» **Your objective**: The reply must consist of the complete listing, reproduced exactly, with no images included.

» **Material provided**:
========================

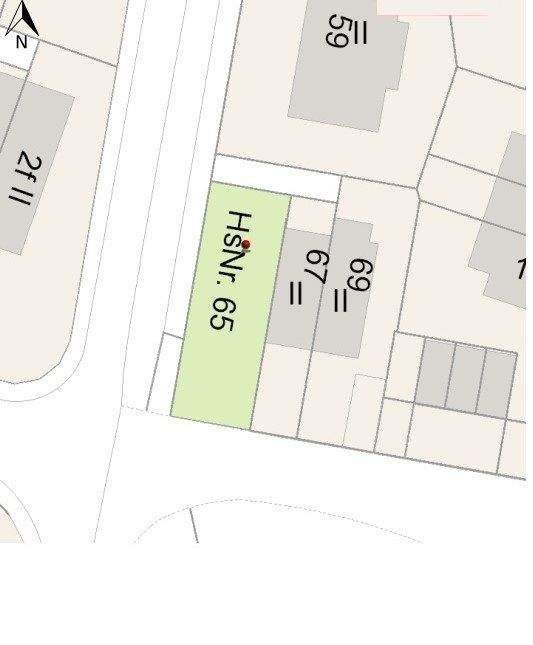Grundstück für Reiheneckhaus in Nürnberg-Neukatzwang, 90455 Nürnberg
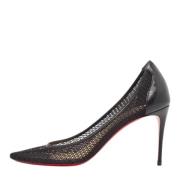 Christian Louboutin Pre-owned Pre-owned Laeder klackskor Black, Dam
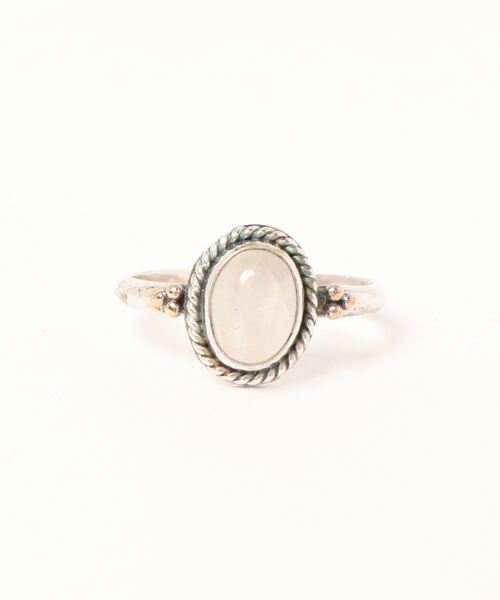 mangata(モンガータ)の「silver925 noble(リング・レディース・ピンク/ストーン・12号/10号)」の5枚目の写真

========================

» **Reply to the task**:
Grundstück für Reiheneckhaus in Nürnberg-Neukatzwang, 90455 Nürnberg
 Christian Louboutin Pre-owned Pre-owned Laeder klackskor Black, Dam
 mangata(モンガータ)の「silver925 noble(リング・レディース・ピンク/ストーン・12号/10号)」の5枚目の写真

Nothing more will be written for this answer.